Buy a Used SUV or Crossover. The used SUV or crossover vehicle with a GVWR of 6,001 pounds or more does not qualify for bonus depreciation. Bonus depreciation on vehicles applies to new vehicles only. That said, you can still get a big deduction because the used qualifying SUV or crossover vehicle qualifies for Section 179 expensing of up to $25,000 on the business cost. And then, on top of the $25,000, you deduct either 20 percent or 5 percent MACRS depreciation. The 5 percent applies when you place in service more than 40 percent of your personal property assets in the last three months of your taxable year.
Buy a New or Used Pickup. If you or your corporation buys and places in service before midnight on December 31, 2012, a qualifying pickup truck (new or used), you may deduct up to $139,000 of its cost ($139,000 is the 2012 limit for expensing of all Section 179 assets placed in service during the year). To qualify for Section 179 expensing, the pickup truck must have
- a GVWR of more than 6,000 pounds; and
- a cargo area (commonly called a “bed”) of at least six feet in interior length that is not easily accessible from the passenger compartment.

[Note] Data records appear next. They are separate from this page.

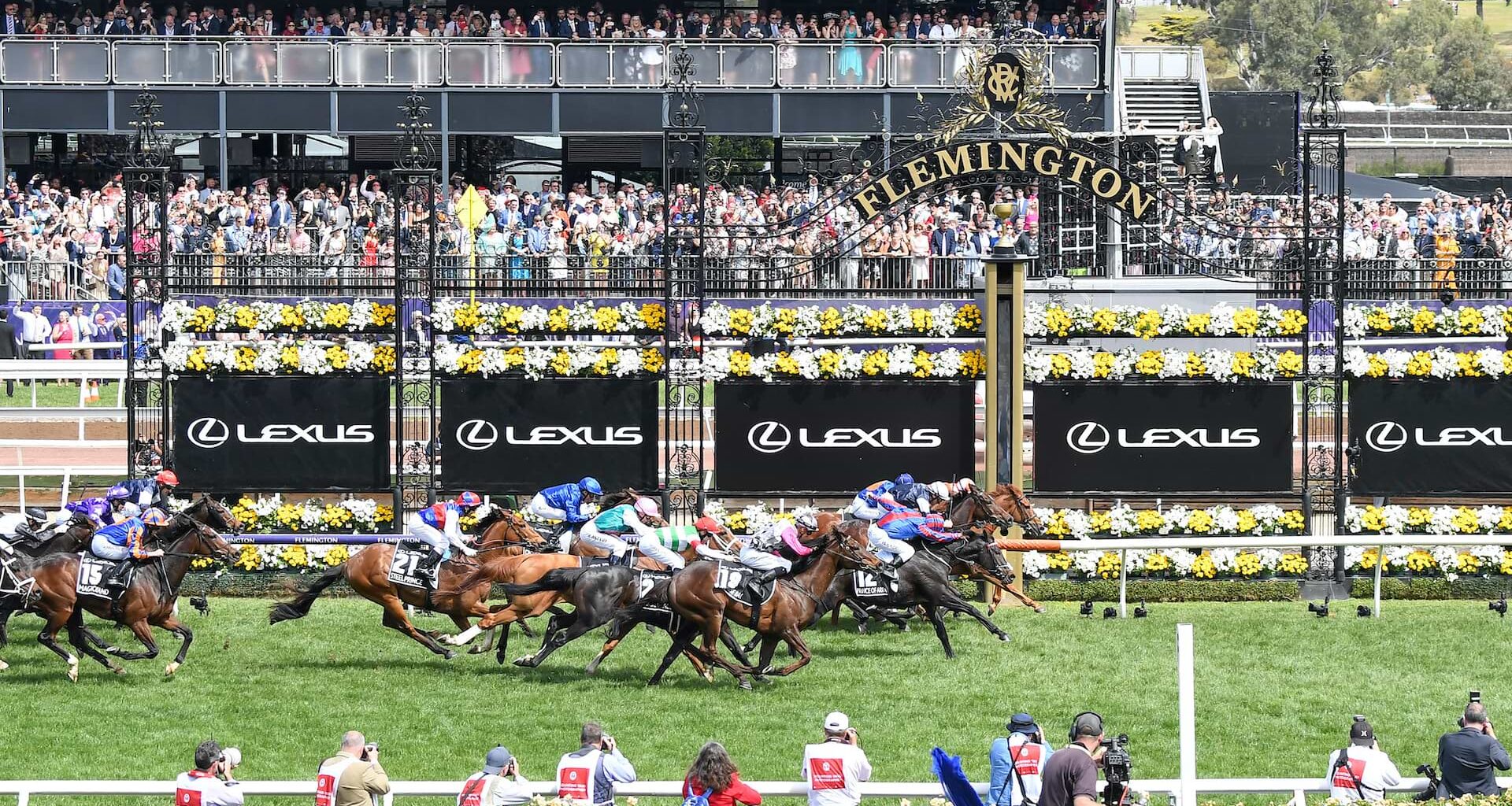Nine Saddles Up For Huge Four Days At Melbourne Cup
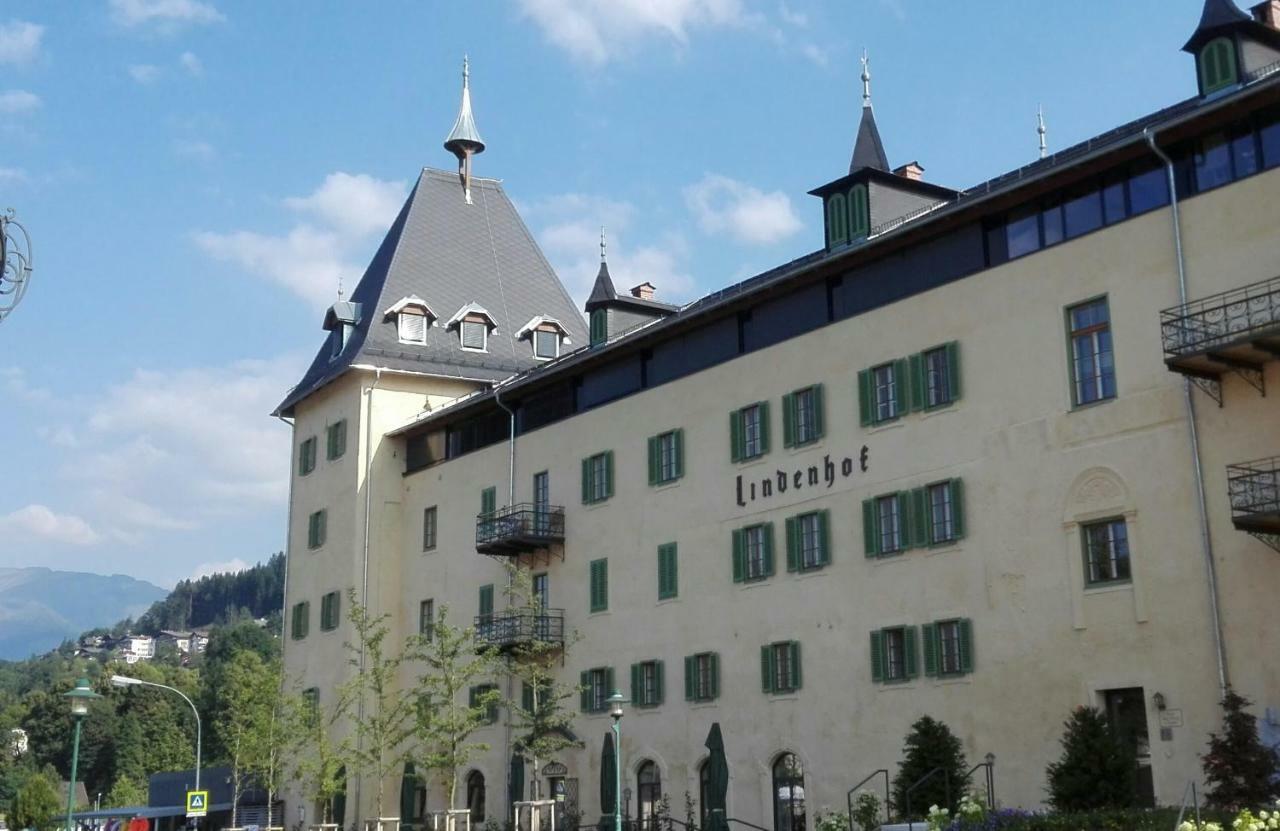 Turmapartment Lindenhof Millstatt am See Exterior foto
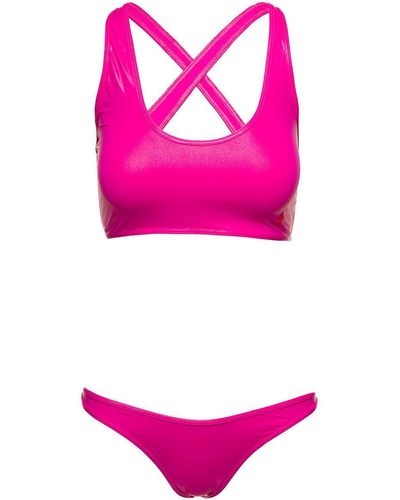 The Attico Swimwears - Pink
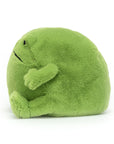 Jellycat - ricky rain frog - medium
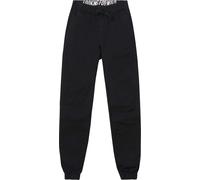 Looking for Wild - Pantaloni in cotone - Laila Pirate Black per Donne in Cotone - Taglia L - Nero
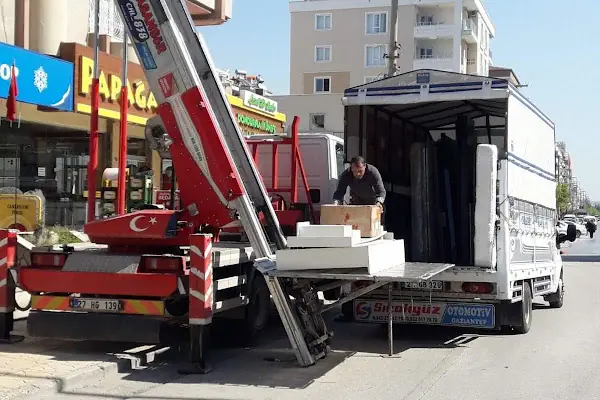 Yeşil Nizip Kelle Paça ve Çorba Salonu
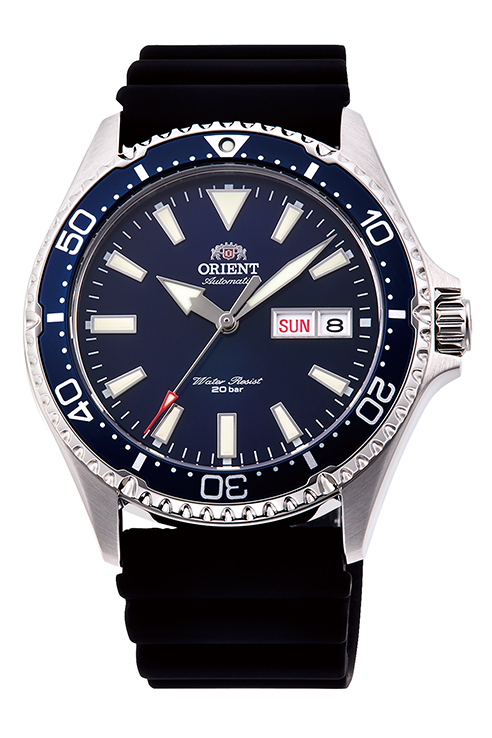 ORIENT RA-AA0006L19B Blue Mako Automatik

Buy a New or Used Qualifying Van. To qualify for expensing of up to $139,000, a new or used van must
have a GVWR of more than 6,000 pounds
- fully enclose the driver compartment and load-carrying area
- not have seating behind the driver’s seat
- have no body section that protrudes more than 30 inches ahead of the leading edge of the windshield.

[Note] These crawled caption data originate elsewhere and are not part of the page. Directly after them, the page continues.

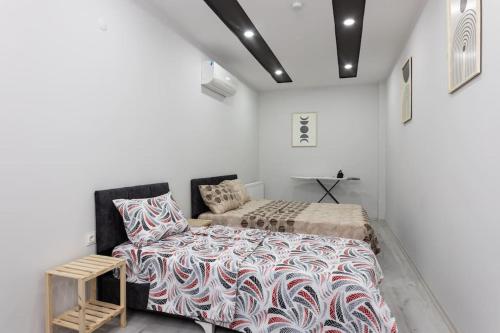 6-Şehir Merkezinde Büyük Modern Daire, Antalya (fotografie 5)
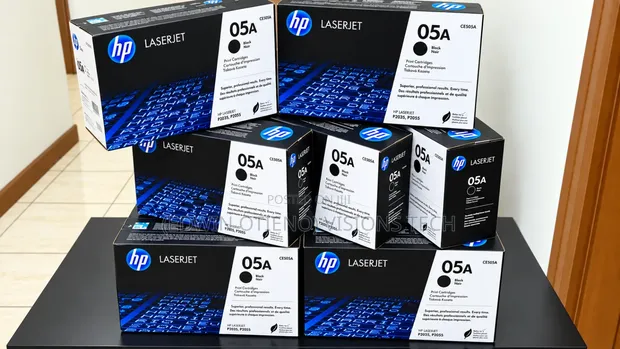 HP 05A Premium Laser Toner - 1
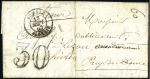 Stamp of Colonies françaises » Colonies Francaise Collections et Lots 1850-2000, Env. 600 lettres des colonies surtout M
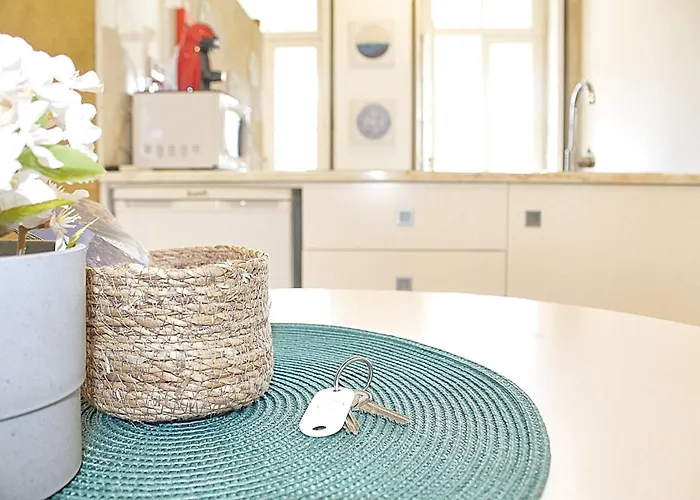 公寓 Benskins Loft Downtown 波尔图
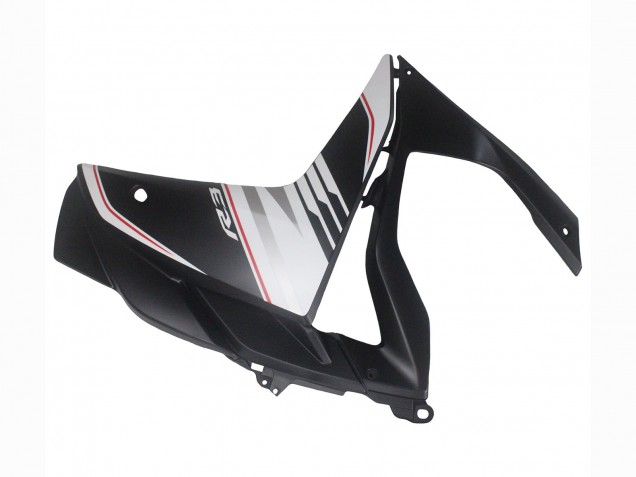 Carenado Moto Yamaha YZF R3/R25 2015-2018 - Blanco Rojo Negro Mate Asequibles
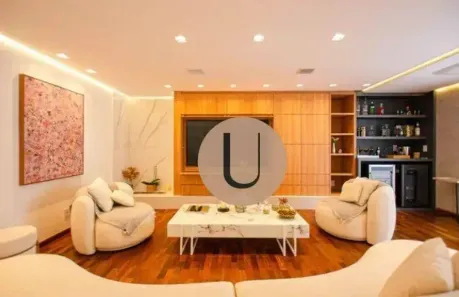 Apartamento com 3 Quartos à venda, 200m² no Indianópolis, São Paulo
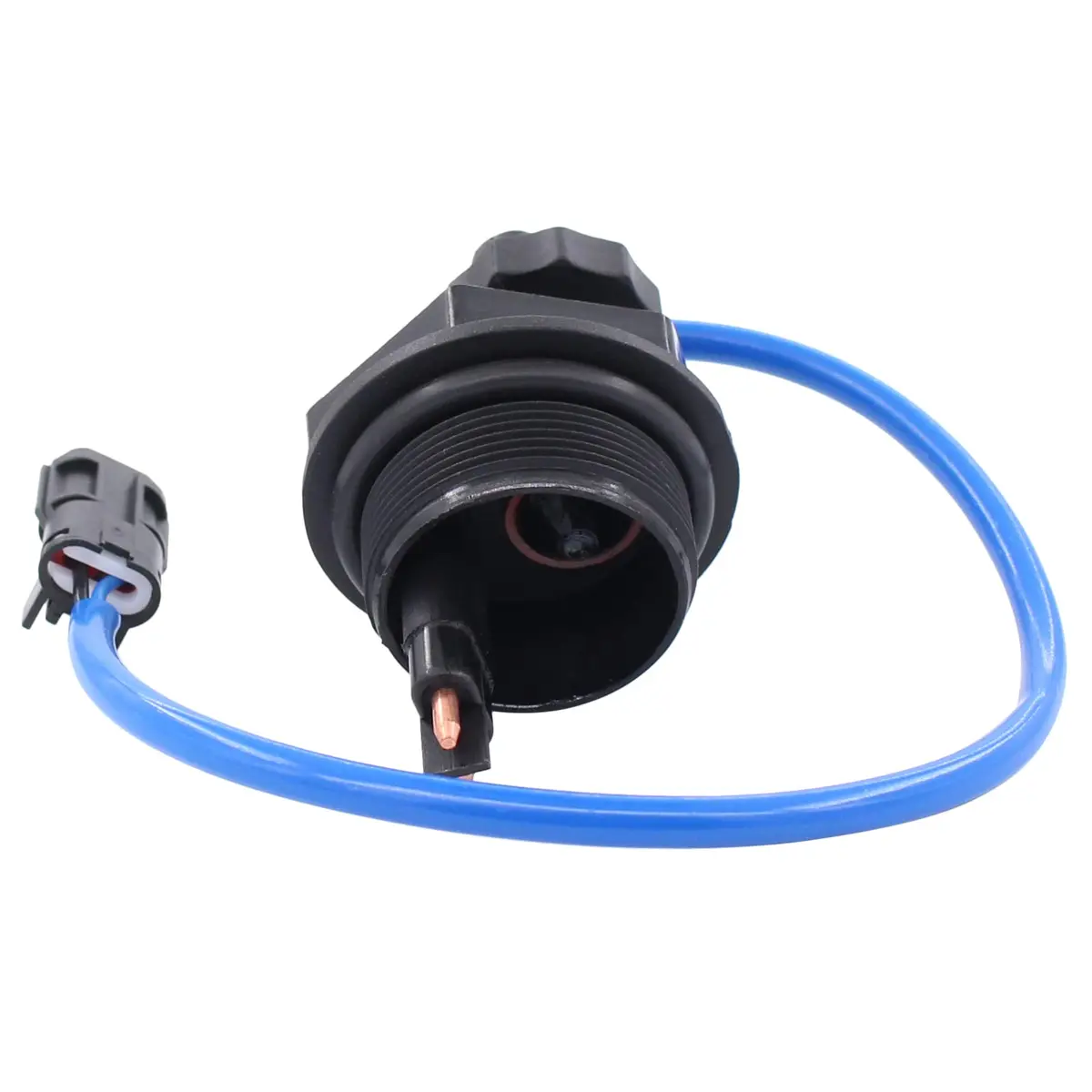 NewYall Water in Fuel Sensor with Drain for Ram 2500 3500 4500 5500 6.7L 13-18 | Fuel Water Detection Sensor - view 3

If your van passes the GVWR test but fails one of the other qualifying tests, the law deems it an SUV. Again, that’s not bad. It’s eligible for expensing of up to $25,000, and if it’s new, it’s also eligible for bonus depreciation.
Buy a New Car. In addition to the luxury limited depreciation, you or your corporation can claim up to $8,000 in bonus depreciation on a new car purchased and placed in service before midnight on December 31, 2012. Here’s how this works: You add the $8,000 in bonus depreciation to the $3,060 luxury limit, for a 2012 limit of $11,060. To get to this limit, you can use a combination of Section 179 expensing and depreciation. You reduce the $11,060 limit by personal use.
Buy a New or Used Business Motor Home. If you have been thinking about buying a motor home to transport yourself to conventions and other business activities, this could be a good year for it. Both new and used business motor homes with a GVWR of more than 14,000 pounds qualify for expensing of up to $139,000 of the business cost.